Women who want to become mothers could soon benefit from a form of IVF based on a 'chocolate hormone', Mailonline reported.

With doctors at Imperial College, London, in the process perfecting a treatment capitalising on the body's own way of ripening eggs, a safer, kinder may be available to such women.

According to the doctors 12 babies had been born so far though this technique.

Patients may be spared pain and discomfort and the odds of potentially life-threatening complications could also be cut. The new treatment used a hormone called kisspeptin, which is naturally produced in the body.

Discovered in the mid-1990s by researchers in Hershey, Pennsylvania, it is named after Hershey's Chocolate Kisses.

Kisspeptin works to trigger the ripening of eggs during normal pregnancies and so should be gentler on the body than human chorionic gonadotropin (HCG), a drug currently used in IVF.

It also broke down more quickly, which should also cut the risk of problems.

Some 53 IVF patients had received the 'chocolate hormone' in the study and 12 babies were born. None of the women suffered from ovarian hyperstimulation syndrome (OHSS) which could cause nausea, vomiting and bloating.

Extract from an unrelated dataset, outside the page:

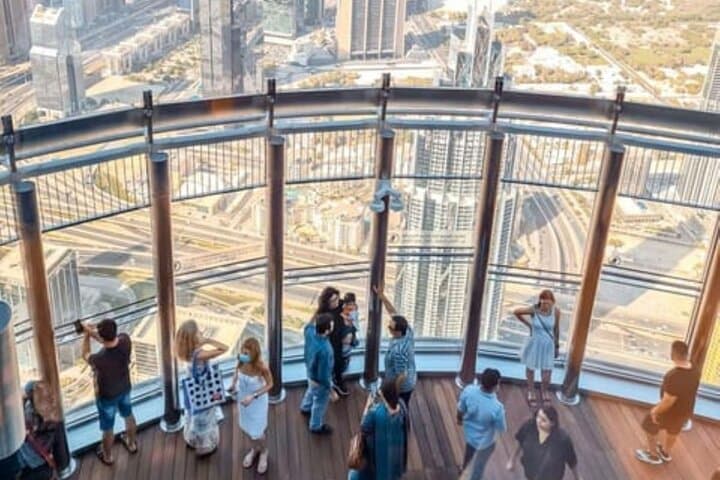 Burj Khalifa Floors 124–125: Self-Guided App Tour to Dubai's Summits photo 4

Three ectopic pregnancies were reported, a potentially fatal complication in which the embryo got implanted outside the womb but that might have been a statistical blip, according to the Journal of Clinical Investigation.

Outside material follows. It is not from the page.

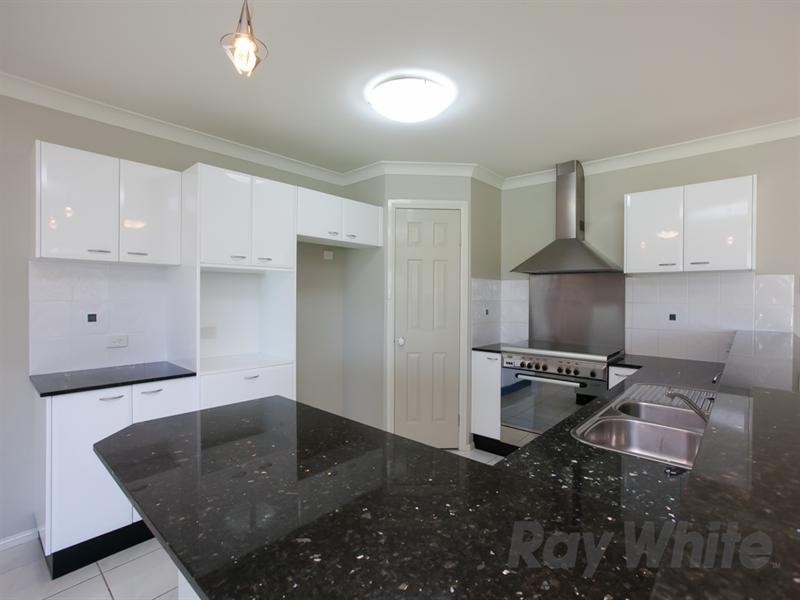 38 Rosewood Crescent, Fletcher NSW 2287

Though OHSS affects a third of IVF patients in a mild form, causing symptoms such as nausea and vomiting, around 5 per cent of patients experienced moderate or severe OHSS, which could cause fatal kidney failure, The Telegraph reported. 

Unlike HCG, which remained in the blood for a long time after an injection, kisspeptin broke down more quickly, which meant the risk of overstimulation was lower.

The women in the study were given a single injection of kisspeptin to induce ovulation, which led to developed eggs in 51 out of 53 participants.

According to professor Waljit Dhillo, from the Department of Medicine, it had been a joy to see 12 healthy babies born using this approach.

Dhillo added OHSS was a major medical problem and could be fatal in severe cases. It occurred in women undergoing IVG treatment who were otherwise healthy.

The researchers planned to conduct a second study in women with polycystic ovary syndrome, who had the highest risk of OHSS.

Dr Mark Hamilton, honorary senior lecturer & consultant gynaecologist, University of Aberdeen, said the new drug might provide clinics with another option to minimise risks for women having IVF and the birth of babies using the new medication was very exciting.